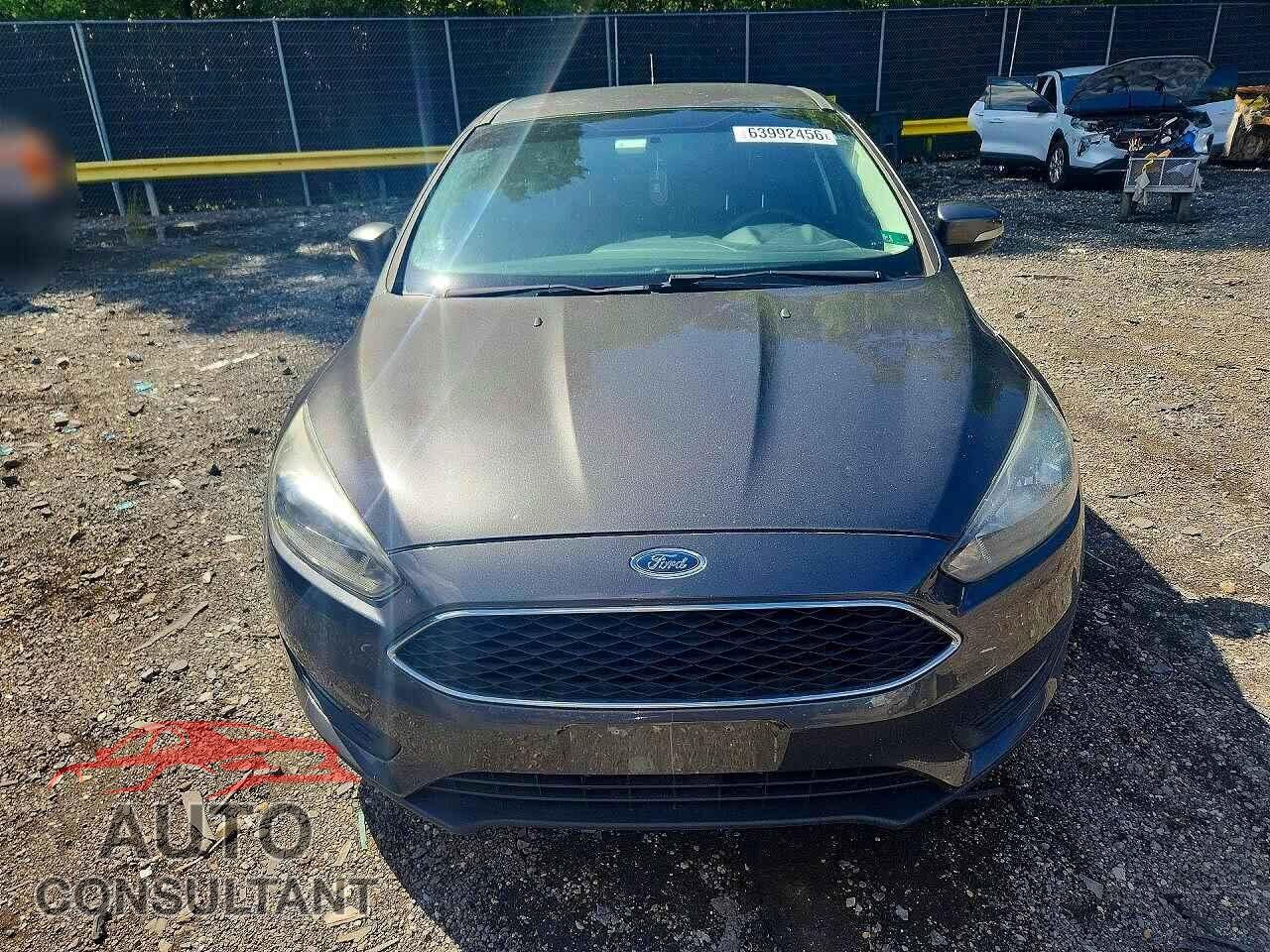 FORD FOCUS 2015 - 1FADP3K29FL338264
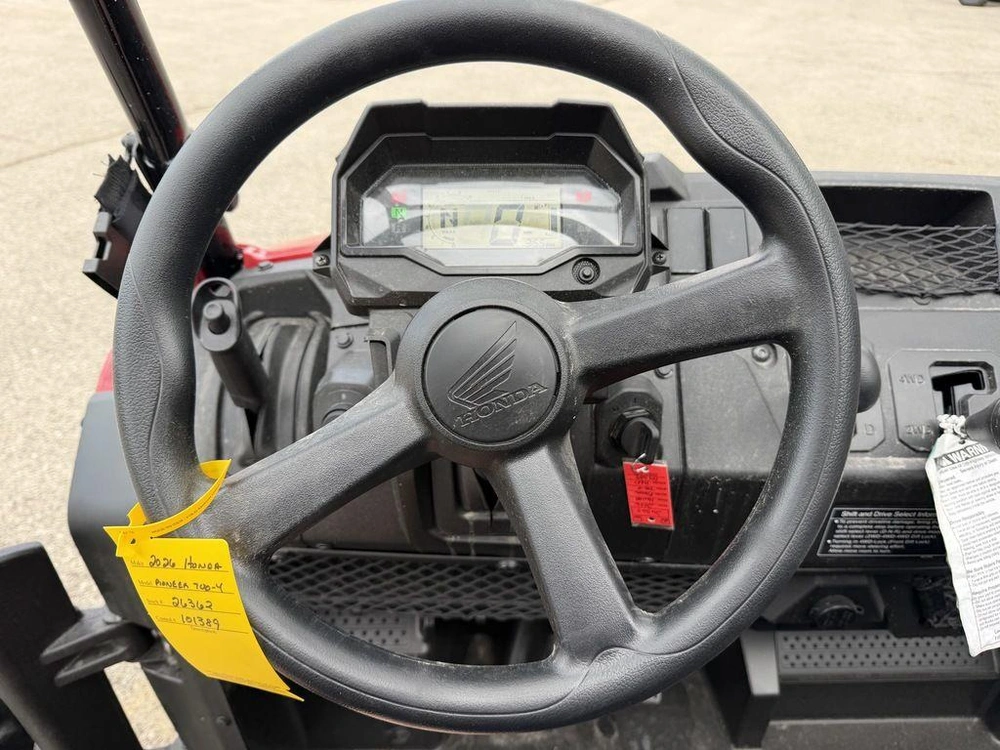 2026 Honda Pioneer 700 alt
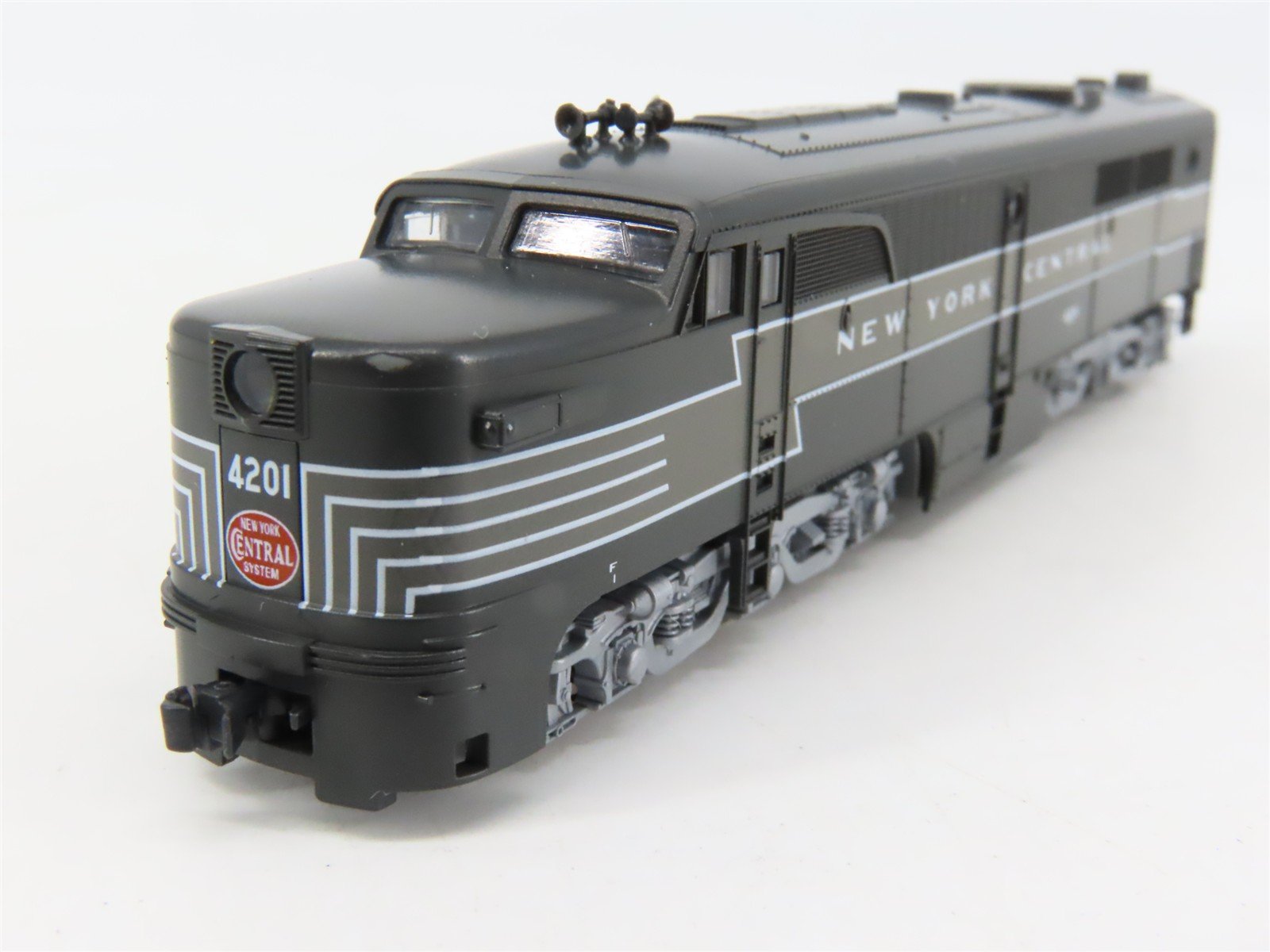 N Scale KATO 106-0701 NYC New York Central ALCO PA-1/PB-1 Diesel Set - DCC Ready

# # # #

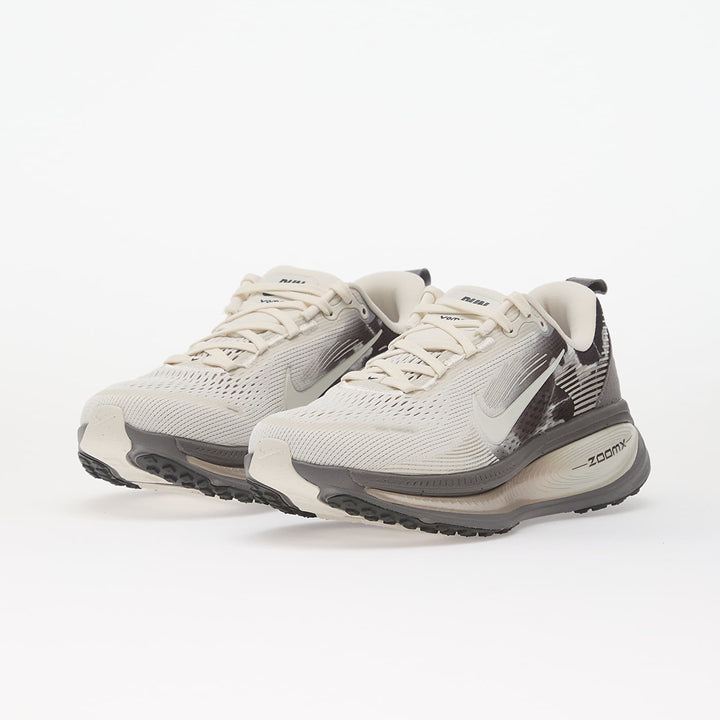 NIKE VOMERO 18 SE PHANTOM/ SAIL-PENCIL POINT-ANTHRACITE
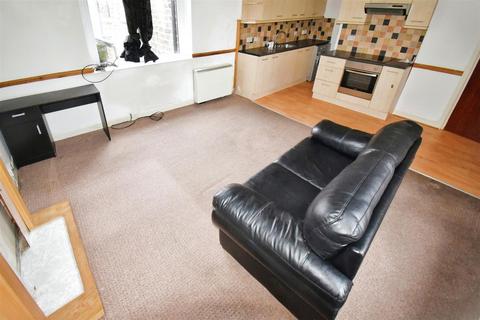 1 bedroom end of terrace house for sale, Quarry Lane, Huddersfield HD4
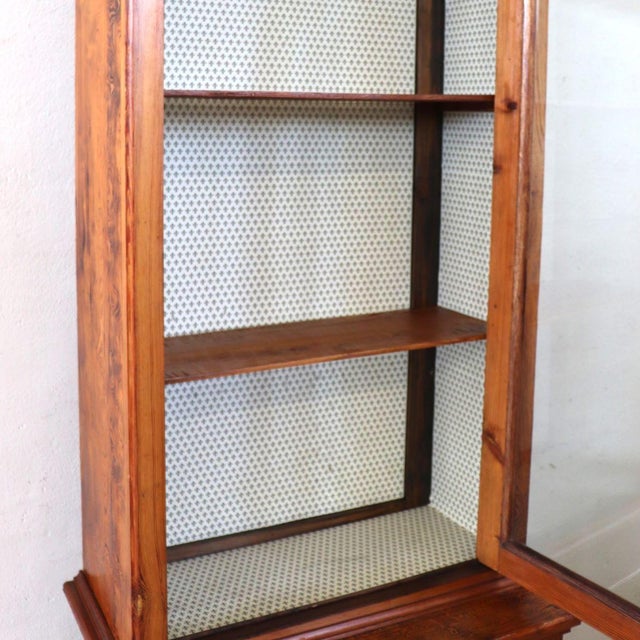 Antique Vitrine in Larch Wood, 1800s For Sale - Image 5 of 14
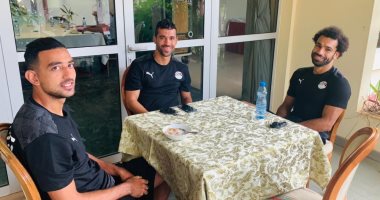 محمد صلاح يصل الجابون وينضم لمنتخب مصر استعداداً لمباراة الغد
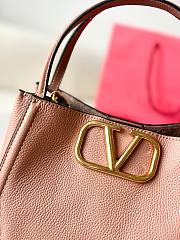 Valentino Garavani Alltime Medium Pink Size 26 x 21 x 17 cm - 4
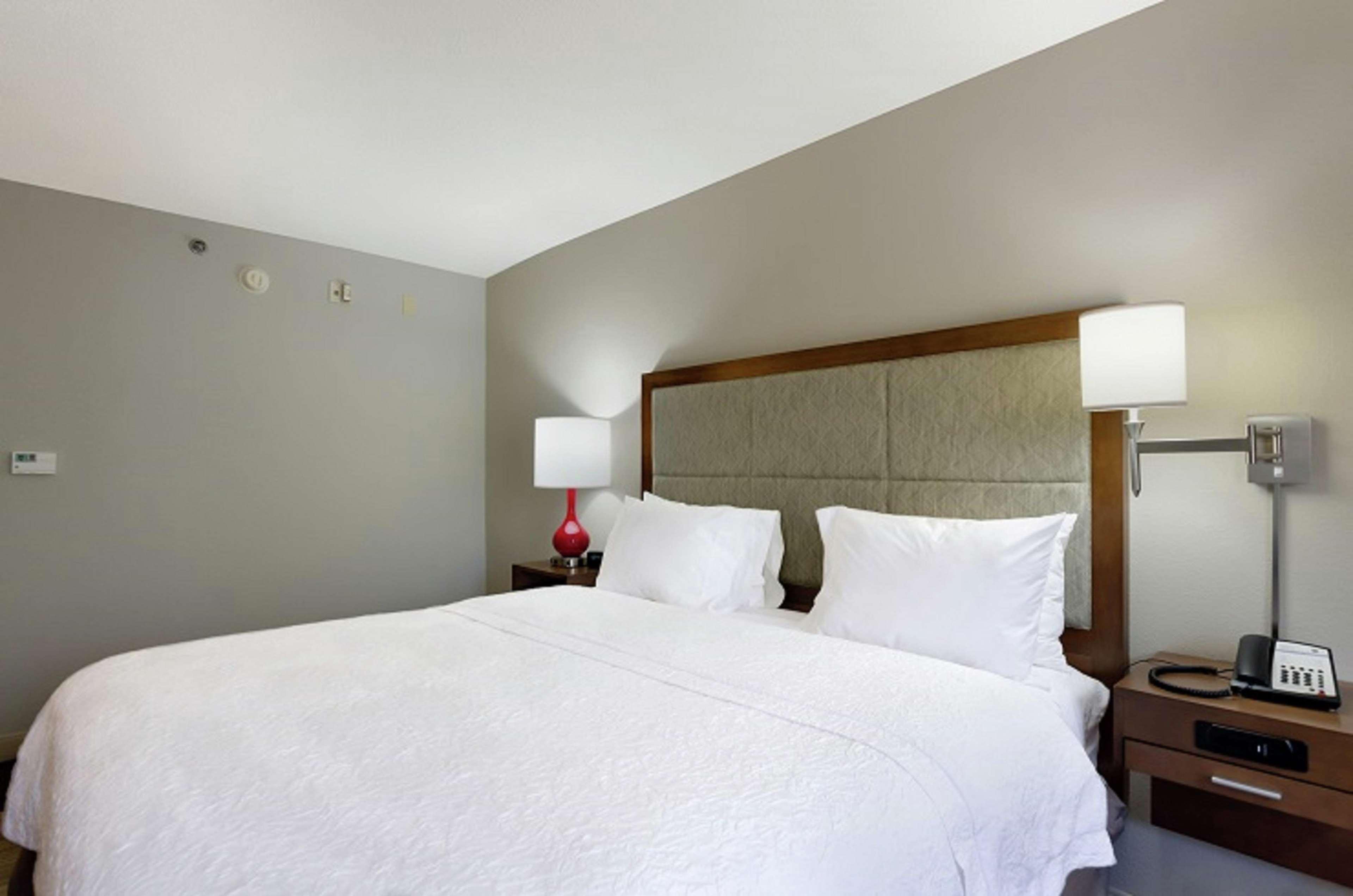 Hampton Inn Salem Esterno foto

# # # #

What is required — Word for word, restate the lines above from the one with "محمد صلاح يصل" through the one with "Hampton Inn Salem Esterno foto", keeping both ends and dropping the pictures.

Solved exercise —
 محمد صلاح يصل الجابون وينضم لمنتخب مصر استعداداً لمباراة الغد
 Valentino Garavani Alltime Medium Pink Size 26 x 21 x 17 cm - 4
 Hampton Inn Salem Esterno foto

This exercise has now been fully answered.